• Assignment: Starting with the line that contains "2010 HYUNDAI ACCENT SE" and stopping after the line that contains "goth-hairstyles-81_7 Goth hairstyles", copy the entries below exactly. Include nothing else.

[Brief descriptive captions]
•••

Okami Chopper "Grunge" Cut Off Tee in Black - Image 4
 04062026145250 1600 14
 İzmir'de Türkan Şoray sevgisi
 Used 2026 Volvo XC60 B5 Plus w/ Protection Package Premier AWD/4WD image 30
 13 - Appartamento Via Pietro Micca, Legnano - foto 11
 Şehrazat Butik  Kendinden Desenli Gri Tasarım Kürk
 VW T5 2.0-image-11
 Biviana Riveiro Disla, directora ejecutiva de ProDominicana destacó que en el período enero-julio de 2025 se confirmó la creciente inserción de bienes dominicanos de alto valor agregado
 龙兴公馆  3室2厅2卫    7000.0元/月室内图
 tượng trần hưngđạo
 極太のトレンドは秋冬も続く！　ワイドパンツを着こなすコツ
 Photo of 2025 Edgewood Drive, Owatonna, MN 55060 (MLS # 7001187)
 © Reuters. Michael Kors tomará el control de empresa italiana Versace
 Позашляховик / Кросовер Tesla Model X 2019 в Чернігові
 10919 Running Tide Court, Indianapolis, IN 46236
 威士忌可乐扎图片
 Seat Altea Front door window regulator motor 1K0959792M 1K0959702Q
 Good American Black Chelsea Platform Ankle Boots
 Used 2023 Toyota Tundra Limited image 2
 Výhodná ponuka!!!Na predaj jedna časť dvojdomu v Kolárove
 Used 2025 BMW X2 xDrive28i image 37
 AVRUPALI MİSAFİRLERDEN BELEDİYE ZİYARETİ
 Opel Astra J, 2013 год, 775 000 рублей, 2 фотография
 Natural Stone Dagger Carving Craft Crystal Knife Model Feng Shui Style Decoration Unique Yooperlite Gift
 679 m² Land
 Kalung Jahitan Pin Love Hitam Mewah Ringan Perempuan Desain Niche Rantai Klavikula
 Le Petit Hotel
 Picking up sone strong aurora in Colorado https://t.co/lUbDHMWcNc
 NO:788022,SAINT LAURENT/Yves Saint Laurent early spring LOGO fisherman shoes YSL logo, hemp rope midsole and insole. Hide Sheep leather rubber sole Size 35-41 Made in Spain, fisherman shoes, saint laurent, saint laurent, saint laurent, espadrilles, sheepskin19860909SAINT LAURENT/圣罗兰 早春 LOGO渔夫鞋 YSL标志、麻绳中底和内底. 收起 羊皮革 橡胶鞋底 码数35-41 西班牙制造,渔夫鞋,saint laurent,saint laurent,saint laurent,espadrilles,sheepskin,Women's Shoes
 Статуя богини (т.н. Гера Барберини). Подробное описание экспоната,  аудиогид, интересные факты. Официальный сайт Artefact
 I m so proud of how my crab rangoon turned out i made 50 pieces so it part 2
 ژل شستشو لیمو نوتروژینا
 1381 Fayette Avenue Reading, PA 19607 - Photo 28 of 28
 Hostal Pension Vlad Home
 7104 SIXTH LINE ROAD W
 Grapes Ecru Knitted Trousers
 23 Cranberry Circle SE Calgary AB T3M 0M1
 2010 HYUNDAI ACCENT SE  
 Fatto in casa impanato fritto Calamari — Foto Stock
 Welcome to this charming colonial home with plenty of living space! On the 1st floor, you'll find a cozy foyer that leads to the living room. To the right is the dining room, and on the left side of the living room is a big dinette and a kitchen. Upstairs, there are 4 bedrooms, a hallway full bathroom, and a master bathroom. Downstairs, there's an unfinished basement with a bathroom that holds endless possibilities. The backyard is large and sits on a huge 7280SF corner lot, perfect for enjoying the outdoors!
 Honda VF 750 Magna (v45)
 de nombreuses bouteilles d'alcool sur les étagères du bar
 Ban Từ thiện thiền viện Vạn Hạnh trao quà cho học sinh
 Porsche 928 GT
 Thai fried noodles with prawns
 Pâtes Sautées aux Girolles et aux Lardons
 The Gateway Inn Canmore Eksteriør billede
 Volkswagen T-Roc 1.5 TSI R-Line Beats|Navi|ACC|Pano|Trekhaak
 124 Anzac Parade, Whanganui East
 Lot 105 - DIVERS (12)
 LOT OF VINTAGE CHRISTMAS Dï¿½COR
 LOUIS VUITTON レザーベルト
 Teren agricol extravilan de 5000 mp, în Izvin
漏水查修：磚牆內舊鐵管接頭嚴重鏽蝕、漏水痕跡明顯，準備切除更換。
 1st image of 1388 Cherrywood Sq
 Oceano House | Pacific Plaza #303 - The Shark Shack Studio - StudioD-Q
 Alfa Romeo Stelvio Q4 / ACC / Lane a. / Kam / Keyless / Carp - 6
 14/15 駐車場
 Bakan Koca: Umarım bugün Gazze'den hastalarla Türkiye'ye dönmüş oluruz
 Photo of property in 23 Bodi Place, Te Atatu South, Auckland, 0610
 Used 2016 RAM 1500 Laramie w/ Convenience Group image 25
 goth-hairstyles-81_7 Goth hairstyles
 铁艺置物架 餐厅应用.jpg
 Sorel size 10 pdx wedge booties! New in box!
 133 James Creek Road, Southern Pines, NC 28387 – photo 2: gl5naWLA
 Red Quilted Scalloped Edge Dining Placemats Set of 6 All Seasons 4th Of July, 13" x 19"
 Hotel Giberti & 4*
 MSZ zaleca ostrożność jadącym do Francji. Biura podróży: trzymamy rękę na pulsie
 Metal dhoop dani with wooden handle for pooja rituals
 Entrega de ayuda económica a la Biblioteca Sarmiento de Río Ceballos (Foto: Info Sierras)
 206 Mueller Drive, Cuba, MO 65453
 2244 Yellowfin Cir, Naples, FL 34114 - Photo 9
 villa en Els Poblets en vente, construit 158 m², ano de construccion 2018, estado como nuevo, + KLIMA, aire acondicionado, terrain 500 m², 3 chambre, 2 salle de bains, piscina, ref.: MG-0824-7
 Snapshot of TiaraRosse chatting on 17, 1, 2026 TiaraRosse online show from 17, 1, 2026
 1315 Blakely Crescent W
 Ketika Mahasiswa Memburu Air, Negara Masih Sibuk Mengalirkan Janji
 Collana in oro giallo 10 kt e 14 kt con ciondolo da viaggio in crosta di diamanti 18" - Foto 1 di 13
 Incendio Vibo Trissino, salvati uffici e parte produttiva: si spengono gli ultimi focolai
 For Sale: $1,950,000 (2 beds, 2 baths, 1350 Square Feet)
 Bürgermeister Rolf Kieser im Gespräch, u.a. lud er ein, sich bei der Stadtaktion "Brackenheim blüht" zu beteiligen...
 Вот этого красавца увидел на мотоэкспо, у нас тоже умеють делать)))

•••

• Finished exercise:
 2010 HYUNDAI ACCENT SE  
 Fatto in casa impanato fritto Calamari — Foto Stock
 Welcome to this charming colonial home with plenty of living space! On the 1st floor, you'll find a cozy foyer that leads to the living room. To the right is the dining room, and on the left side of the living room is a big dinette and a kitchen. Upstairs, there are 4 bedrooms, a hallway full bathroom, and a master bathroom. Downstairs, there's an unfinished basement with a bathroom that holds endless possibilities. The backyard is large and sits on a huge 7280SF corner lot, perfect for enjoying the outdoors!
 Honda VF 750 Magna (v45)
 de nombreuses bouteilles d'alcool sur les étagères du bar
 Ban Từ thiện thiền viện Vạn Hạnh trao quà cho học sinh
 Porsche 928 GT
 Thai fried noodles with prawns
 Pâtes Sautées aux Girolles et aux Lardons
 The Gateway Inn Canmore Eksteriør billede
 Volkswagen T-Roc 1.5 TSI R-Line Beats|Navi|ACC|Pano|Trekhaak
 124 Anzac Parade, Whanganui East
 Lot 105 - DIVERS (12)
 LOT OF VINTAGE CHRISTMAS Dï¿½COR
 LOUIS VUITTON レザーベルト
 Teren agricol extravilan de 5000 mp, în Izvin
漏水查修：磚牆內舊鐵管接頭嚴重鏽蝕、漏水痕跡明顯，準備切除更換。
 1st image of 1388 Cherrywood Sq
 Oceano House | Pacific Plaza #303 - The Shark Shack Studio - StudioD-Q
 Alfa Romeo Stelvio Q4 / ACC / Lane a. / Kam / Keyless / Carp - 6
 14/15 駐車場
 Bakan Koca: Umarım bugün Gazze'den hastalarla Türkiye'ye dönmüş oluruz
 Photo of property in 23 Bodi Place, Te Atatu South, Auckland, 0610
 Used 2016 RAM 1500 Laramie w/ Convenience Group image 25
 goth-hairstyles-81_7 Goth hairstyles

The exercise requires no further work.